■ **Exercise goal**
Every line containing the string "Toyota" is to be copied from the records.

------ Information ------

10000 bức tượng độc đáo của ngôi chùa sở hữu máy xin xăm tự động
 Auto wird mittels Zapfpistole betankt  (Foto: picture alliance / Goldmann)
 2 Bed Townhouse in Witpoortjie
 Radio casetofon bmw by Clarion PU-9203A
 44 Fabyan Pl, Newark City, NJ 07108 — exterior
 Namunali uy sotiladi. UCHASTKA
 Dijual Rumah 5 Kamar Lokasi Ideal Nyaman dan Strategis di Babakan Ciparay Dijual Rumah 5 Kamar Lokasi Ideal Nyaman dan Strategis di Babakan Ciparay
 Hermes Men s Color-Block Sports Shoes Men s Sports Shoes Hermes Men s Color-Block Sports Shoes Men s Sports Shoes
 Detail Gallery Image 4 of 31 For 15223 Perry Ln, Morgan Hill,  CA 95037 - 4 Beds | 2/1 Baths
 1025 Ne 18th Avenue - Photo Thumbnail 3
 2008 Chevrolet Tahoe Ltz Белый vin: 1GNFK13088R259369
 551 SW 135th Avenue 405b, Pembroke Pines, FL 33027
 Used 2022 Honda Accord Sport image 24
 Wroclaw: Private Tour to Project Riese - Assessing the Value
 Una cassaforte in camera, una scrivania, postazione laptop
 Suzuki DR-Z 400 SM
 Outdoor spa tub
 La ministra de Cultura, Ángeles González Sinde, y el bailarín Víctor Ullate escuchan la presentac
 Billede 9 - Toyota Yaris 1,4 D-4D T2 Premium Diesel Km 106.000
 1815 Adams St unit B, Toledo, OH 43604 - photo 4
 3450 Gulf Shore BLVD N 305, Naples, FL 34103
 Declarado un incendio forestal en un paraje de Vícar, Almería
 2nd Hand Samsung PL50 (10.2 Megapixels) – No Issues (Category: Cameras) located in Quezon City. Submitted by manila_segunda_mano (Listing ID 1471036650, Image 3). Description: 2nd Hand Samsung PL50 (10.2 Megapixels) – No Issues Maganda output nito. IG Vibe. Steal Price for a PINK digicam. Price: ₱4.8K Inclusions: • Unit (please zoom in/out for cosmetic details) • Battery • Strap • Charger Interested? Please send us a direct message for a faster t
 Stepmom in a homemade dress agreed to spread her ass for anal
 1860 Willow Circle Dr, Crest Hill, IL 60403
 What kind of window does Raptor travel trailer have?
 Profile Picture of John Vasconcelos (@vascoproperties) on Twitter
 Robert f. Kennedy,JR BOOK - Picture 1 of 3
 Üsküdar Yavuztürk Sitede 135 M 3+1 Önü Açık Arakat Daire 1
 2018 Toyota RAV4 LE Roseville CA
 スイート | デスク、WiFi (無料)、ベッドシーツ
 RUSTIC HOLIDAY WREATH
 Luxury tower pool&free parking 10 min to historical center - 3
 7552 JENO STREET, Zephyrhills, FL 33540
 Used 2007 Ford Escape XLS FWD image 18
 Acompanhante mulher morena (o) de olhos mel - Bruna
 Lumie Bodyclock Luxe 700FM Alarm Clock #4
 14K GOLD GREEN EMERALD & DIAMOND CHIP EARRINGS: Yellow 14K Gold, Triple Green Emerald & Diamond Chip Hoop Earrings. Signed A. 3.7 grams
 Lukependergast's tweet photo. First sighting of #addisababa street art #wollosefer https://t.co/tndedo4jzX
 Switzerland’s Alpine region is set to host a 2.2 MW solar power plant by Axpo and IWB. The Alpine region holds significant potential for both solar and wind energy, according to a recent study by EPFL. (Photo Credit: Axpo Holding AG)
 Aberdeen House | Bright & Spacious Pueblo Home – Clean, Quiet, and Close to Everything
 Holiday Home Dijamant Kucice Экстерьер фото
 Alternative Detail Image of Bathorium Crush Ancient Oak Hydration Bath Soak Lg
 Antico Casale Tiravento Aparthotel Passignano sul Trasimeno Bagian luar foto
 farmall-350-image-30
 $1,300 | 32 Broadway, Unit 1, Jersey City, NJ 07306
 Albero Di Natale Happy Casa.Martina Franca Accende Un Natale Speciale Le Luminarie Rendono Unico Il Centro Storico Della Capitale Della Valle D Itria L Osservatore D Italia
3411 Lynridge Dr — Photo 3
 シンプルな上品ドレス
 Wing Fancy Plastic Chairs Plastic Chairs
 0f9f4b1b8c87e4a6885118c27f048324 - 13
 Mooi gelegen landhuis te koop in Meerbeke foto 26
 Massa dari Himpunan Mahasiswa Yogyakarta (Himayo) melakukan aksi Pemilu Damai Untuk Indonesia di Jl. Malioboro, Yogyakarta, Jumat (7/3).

------

■ **Answer area**
 Billede 9 - Toyota Yaris 1,4 D-4D T2 Premium Diesel Km 106.000
 2018 Toyota RAV4 LE Roseville CA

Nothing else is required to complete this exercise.